Station 7 was the first station to detect the presence of an event plume of megaplume in the water column. The profile at this station has high enrichments in nephelometer and temperature anomaly and also shows high enrichments in helium-3 as expected. We analyzed the station 13 profile as a "background" profile, and expected it to be devoid of any strong helium signal s. Surprisingly, the profile has a strong helium-3 maximum at 2488 m depth associated with a relatively weak blip in the nephels and temperature anomaly.
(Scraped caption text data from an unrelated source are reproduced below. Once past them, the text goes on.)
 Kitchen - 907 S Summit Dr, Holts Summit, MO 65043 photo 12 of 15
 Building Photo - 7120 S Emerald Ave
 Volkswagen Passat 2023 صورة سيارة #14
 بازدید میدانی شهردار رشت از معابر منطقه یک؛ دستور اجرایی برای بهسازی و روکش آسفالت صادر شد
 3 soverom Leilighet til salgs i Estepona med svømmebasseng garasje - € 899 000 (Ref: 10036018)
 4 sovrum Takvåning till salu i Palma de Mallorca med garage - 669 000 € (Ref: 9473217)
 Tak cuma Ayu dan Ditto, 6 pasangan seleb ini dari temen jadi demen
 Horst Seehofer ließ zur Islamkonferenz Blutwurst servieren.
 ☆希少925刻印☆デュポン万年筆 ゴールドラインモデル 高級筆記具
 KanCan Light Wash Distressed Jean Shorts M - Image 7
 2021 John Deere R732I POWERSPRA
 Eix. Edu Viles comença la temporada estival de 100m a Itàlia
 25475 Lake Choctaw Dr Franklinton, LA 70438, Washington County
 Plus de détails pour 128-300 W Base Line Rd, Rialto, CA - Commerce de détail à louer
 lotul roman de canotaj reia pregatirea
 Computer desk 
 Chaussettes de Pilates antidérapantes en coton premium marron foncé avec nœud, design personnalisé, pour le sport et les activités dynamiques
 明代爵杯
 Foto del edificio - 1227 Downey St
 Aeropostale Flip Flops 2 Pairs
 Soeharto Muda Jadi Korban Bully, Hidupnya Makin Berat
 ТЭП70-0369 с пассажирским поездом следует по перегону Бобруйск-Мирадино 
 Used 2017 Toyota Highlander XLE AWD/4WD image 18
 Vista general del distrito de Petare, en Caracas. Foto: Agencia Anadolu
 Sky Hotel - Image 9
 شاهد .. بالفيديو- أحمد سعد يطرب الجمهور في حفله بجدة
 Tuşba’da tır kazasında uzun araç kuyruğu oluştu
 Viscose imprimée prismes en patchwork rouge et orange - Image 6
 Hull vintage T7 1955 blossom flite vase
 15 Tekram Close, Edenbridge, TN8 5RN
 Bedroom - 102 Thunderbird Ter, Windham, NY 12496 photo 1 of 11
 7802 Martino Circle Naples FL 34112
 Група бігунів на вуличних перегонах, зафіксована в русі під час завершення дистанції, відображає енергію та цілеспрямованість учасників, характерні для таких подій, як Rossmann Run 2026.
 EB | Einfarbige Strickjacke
The plot of helium-3 concentration versus temperature anomaly for stations 7 and 13 shows that these two stations sampled water-column plumes with much different ratios of helium-3/heat. The helium-3/heat trend for station 7 (the event plume) has a relatively flat slope of 0.34E-12 cc/cal similar to other event plumes detected in 1986 and 1993 over the Juan de Fuca Ridge. In contrast, the plume detected at station 13 has a much higher helium-3/heat trend of 2.27E-12 cc/cal. This difference in the helium-3/heat ratio for the event plumes versus the deeper, steady-state plumes is similar to that observed previously in 1986 and 1993. See Lupton et al., Nature, 337, 161-164, 1 989; Baker and Lupton, Nature 346, 556-558, 1990; Lupton et al., Geophysical Research Letters, 22, 155-158, 1995.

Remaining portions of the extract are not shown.